(DATA BLOCK)
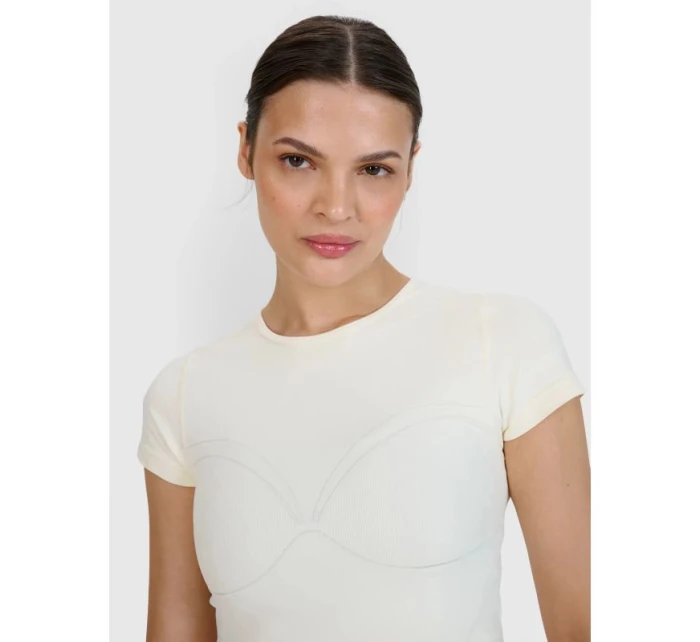 Dámské rychleschnoucí tričko na jógu a model 21815467 - 4F Dámské rychleschnoucí tričko na jógu a model 21815467 - 4F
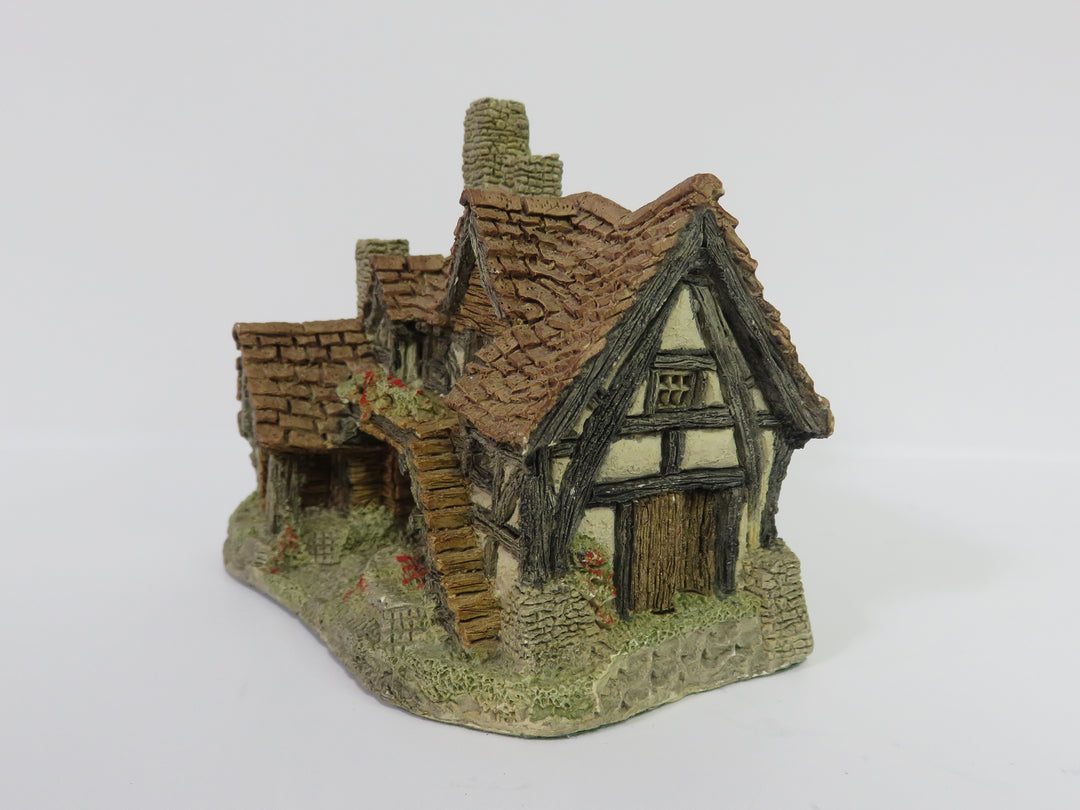 David Winter Sculpture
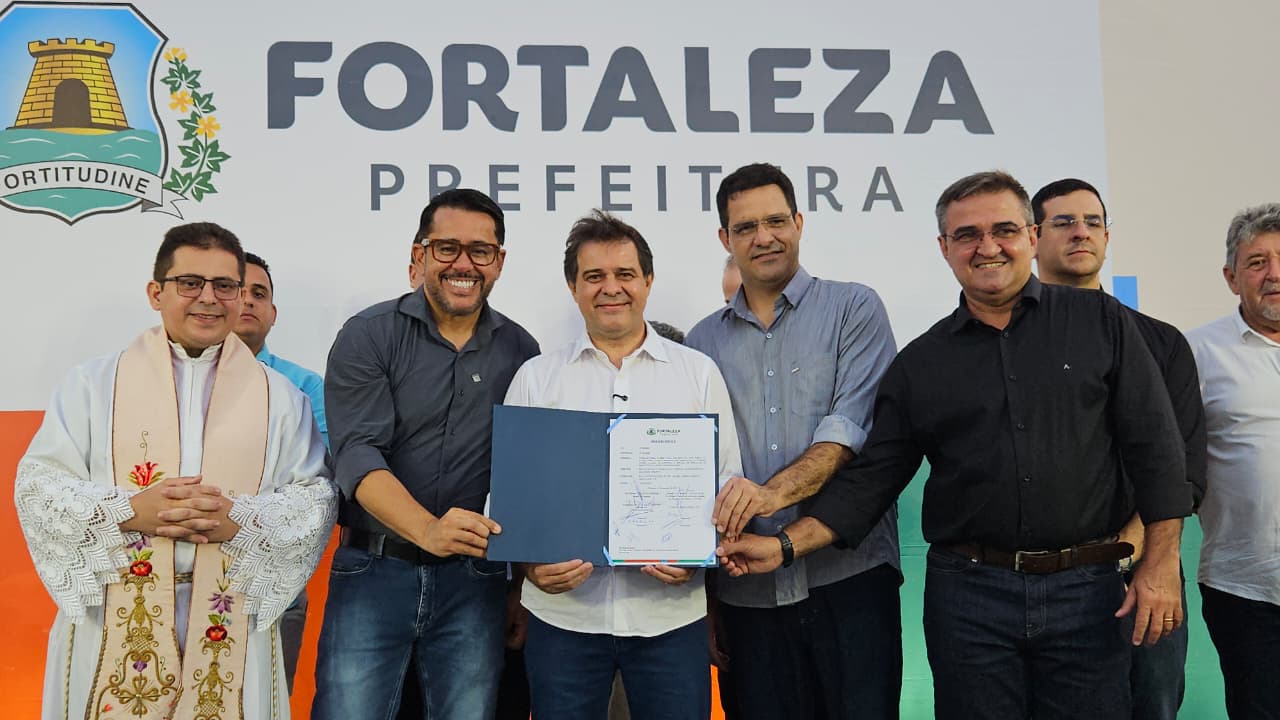 grupo de pessoas posa para a foto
(End DATA BLOCK)
WORK ORDER =>
Every line from the one containing "David Winter Sculpture" through the last line of the data, both included, is to be repeated exactly; the pictures are to be left out.

EXPECTED ANSWER =>
 David Winter Sculpture
 grupo de pessoas posa para a foto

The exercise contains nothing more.